Biofuels made by Fort Collins-based company, Red Rocks Biofuels, will help to fuel Southwest Airlines’ planes beginning mid-2016 using the extensive forest waste created by pine beetle kill.
The off-take agreement between the companies is over three million gallons of biofuel a year at an undisclosed price which will be mixed with standard jet fuel creating about six million gallons of combined jet fuel. These biofuels will make up less than one percent of Southwest’s 1.9 billion gallons of jet fuel used per year.
“You have to make sure that the airline that you are using is a credit worth counterparty,” said Terry Kulesa, CEO of Red Rock Biofuels. “That being said, Southwest is the highest rated airline from a financial stability standpoint.”
Southwest had been approached by other biofuel firms before, but has so far only contracted Red Rocks, according to Tom McCartin, senior director of fuel management at Southwest.
“They’re the only [firm] that’s come to us yet that’s offered us the combination of cost benefit and bio,” McCartin said.
Southwest also appreciated the biomass used by Red Rocks in the production of their biofuels: forest waste, which includes waste created from the extensive pine beetle kill Colorado has been experiencing in recent years.
Biofuels are a significantly cleaner source of energy, according to Dr. Kenneth Reardon, Colorado State University professor in chemical and biological engineering and the director of the University’s Sustainable Bioenergy Development Center.
“When you make a biofuel, you’re making it from a plant material that grew by taking carbon dioxide from the air, and so, the carbon impacts of burning a biofuel is much, much less than it is for a fossil fuel, and that includes natural gas,” Reardon said.

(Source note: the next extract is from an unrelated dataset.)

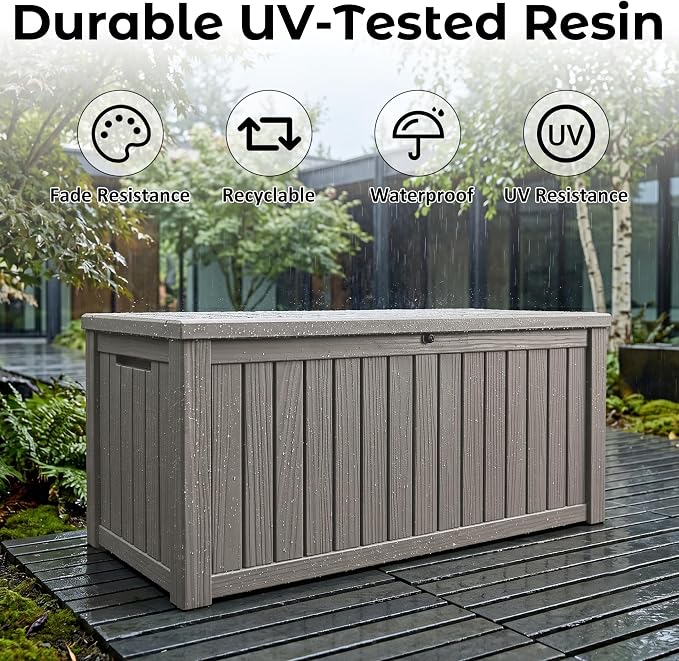 Large Outdoor Storage Box Waterproof, UV Resistant Resin Deck Box for Patio Furniture,Garden Tools,Cushions (Grey, 150 Gallon)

Airlines and the military are especially interested in biofuels because of the reduction in greenhouse gas emissions, but also because they can be made domestically.
“There was a time not that long ago that the government was worried that so much more product was coming from outside the U.S. – meaning gas, diesel, jet, crude – that it was a security risk for the country,” McCartin said.
Red Rocks uses western United State’s forests as the feedstock for their biofuels but will be constructing their first production site in southern Oregon. The fuel will then be shipped to northern California where the demand is high.
CSU is well-known in the biofuel industry, having contact with Red Rocks and researching ways to make the fuel more efficient and cost effective, according to Reardon.
“Because of our strengths in agriculture and engineering, we have all the right people to do this kind of work,” Reardon said.
CSU hopes to work with Red Rocks Biofuels in the future, according to Reardon.